The overheating could have been prevented by the springtime tuneup (discussed below). Adding chemical additives in the coolant may have avoided the breakdown.

The driver-operator was not watching the gauges and did not notice the motor overheating.

The driver-operator never notified the incident commander that the apparatus was having a problem. If the IC had known of the problem and if the pumper had been shut down, maybe another pumper could have taken its place.

As the engine started to overheat, and if the driver-operator had the knowledge, the motor temperature may have been able to be controlled by proper use of the pump cooler and/or fast idle, turning off the A/C, or opening the engine hood.

Automatic motor shutdowns are not allowed on emergency equipment.

Warning lights and buzzers may have malfunctioned or had gone on too late to avoid motor damage.

Budget restraints may have prevented proper apparatus maintenance.

Age, excessive hours, “it`s worn out,” and “it was due” are among the favored explanations!

The driver-operator has no control over motor defects such as blown gaskets or a water pump other than to shut down the motor to avoid more damage.

We can blame motor failure on two or more of the following: driver-operator error, improper maintenance, the budget, apparatus age, and mechanical failure.

Failure of the apparatus causes a mountain of problems, especially with the smaller departments. Firefighter safety may have been compromised when the breakdown occurred. Was the public life and property endangered when the breakdown occurred? The chief has to explain the situation to the mayor. Not only does the breakdown cost unbudgeted money, but now the apparatus is out-of-service for an indefinite period of time for repair, rebuilding, or replacement.
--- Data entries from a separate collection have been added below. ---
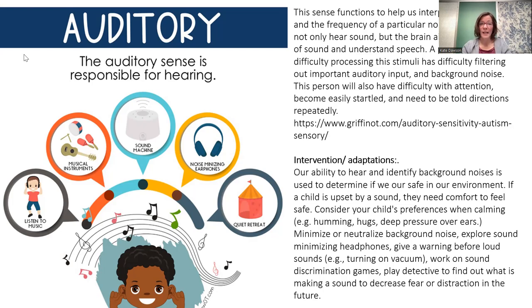Some strategies we use are trying to minimize background sounds, and also giving kids cues. Maybe we'll flick a light on and off before we want them to attend to a big transition. Maybe we'll clap twice to get their attention, have a little sing-song to signal it's time to tune in, or call their name and make sure they look at us first before giving them a verbal direction.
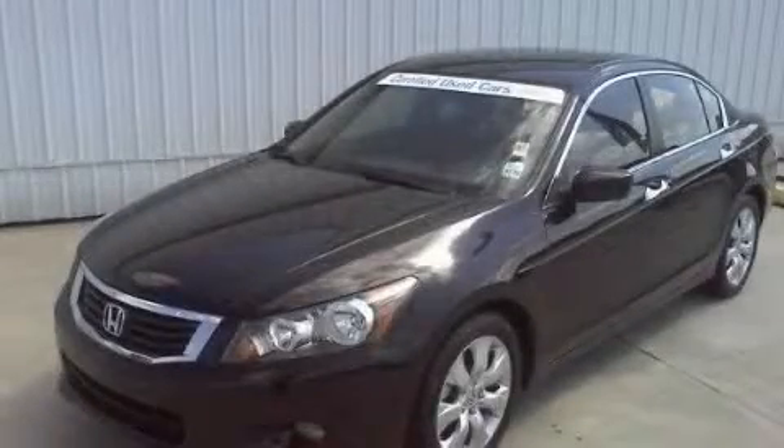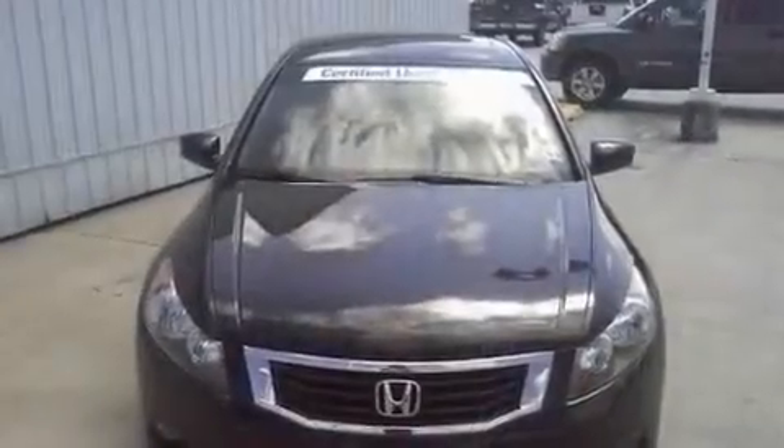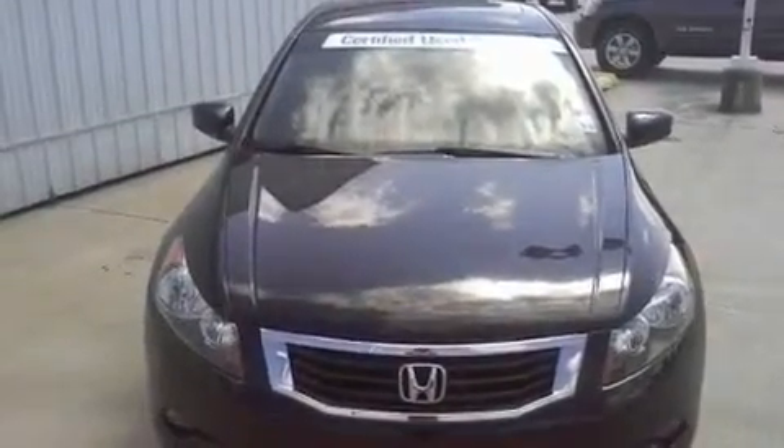This is a 2008 Honda Accord. It has a 3.5-liter, six-cylinder engine and a five-speed automatic transmission.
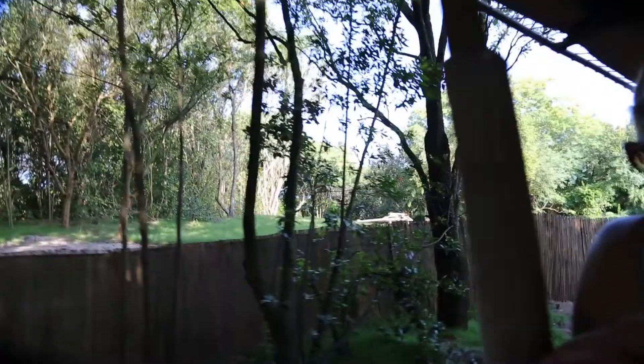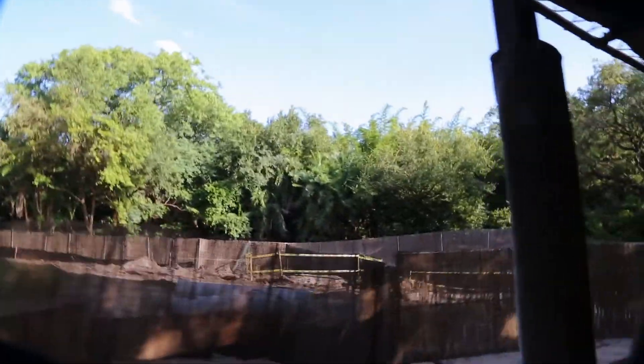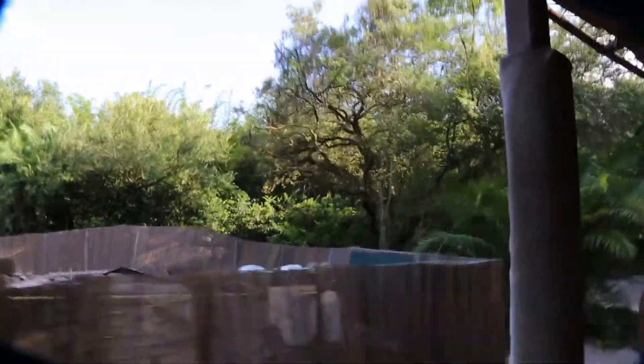It looks like the Harambe Reserve is getting ready to reintroduce some new animals into the local ecosphere. Here on the reserve, they're going to be bringing some zebras into this area, and the clearing this size is going to give them plenty of room to thrive.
It is possible that a springtime tuneup (discussed below) might have helped prevent the problem. If you find a problem, do not fall into the budget restraint trap. For example, radiator repair or replacement may cost well over $1,000. The budget is sometimes used to delay repairing the apparatus. That $1,000 cost may have sounded expensive before the breakdown, but now, after the catastrophic failure, it would most certainly have been cheaper!

SPRINGTIME TUNEUP

It is now time for the springtime tuneup. This is a preventive plus in your maintenance program. “Pay me now or pay me more later” is a most appropriate expression to better describe the advantages of a springtime tuneup. I have compiled a partial list of the items that should be checked before the hot weather arrives. Some of these items, however, should be checked regularly.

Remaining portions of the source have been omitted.